8.1 IntroductIon

In this chapter we provide a general exposition of the maximum likelihood approach, as well as the Bayesian method for inference.

8.2 The Bootstrap and Maximum Likelihood Methods

8.2.1 A Smoothing Example

In this subsection, it is illustrated that if the model has additive Gaussian errors, the parametric bootstrap will agree with least squares.

We assume that the model is of the form:

\[ Y=\mu(X)+\varepsilon;\ \varepsilon \sim N(0,\sigma^2)\\ \mu(x)=\sum_{i=1}^7\beta_jh_j \] The bootstrap method described above, in which we sample with replacement from the training data, is called the nonparametric bootstrap. This really means that the method is “model-free”, since it uses the raw data, not a specific parametric model, to generate new datasets.
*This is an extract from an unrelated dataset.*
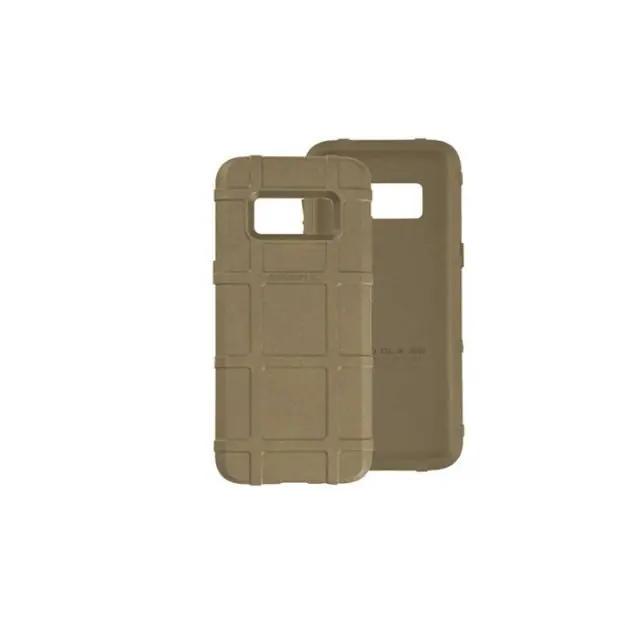 Field Case Galaxy S8 Flat Dark Earth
Consider a variation of the bootstrap, called the parametric bootstrap, in which we simulate new responses by adding Gaussian noise to the predicted values \[ y_i^*=\hat\mu(x_i)+\varepsilon^*_i;\ \varepsilon_i^*\sim N(0,\hat\sigma^2);i=1,2,\cdots,N. \] This process is repeated \(B\) times, where \(B = 200\) say. The resulting bootstrap datasets have the form \((x_1, y_1^*),\cdots,(x_N, y_N^*)\) and we recompute the B-spline smooth on each. The confidence bands from this method will exactly equal the least squares bands, as the number of bootstrap samples goes to infinity. A function estimated from a bootstrap sample \(y^*\) is given by \(\hat\mu^*(x)=h(x)^T(H^TH)^{-1}H^Ty^*\), and has distribution \[ \hat\mu^*\sim N(\hat\mu(x),h(x)^T(H^TH)^{-1}h(x)\hat\sigma^2). \] Notice that the mean of this distribution is the least squares estimate, and the standard deviation is the same as the approximate formular \[ \widehat{se}[\hat\mu(x)]=[h(x)^T(H^TH)^{-1}h(x)]^{1/2}\hat\sigma, \] which is the standard error of a prediction of \(\hat\mu(x)=h(x)^T\hat \beta\).

8.2.2 Maximum Likelihood Inference

In general, the parametric bootstrap agrees not with least squares but with maximum likelihood.

It is not too difficult to understand. Refer to the textbook.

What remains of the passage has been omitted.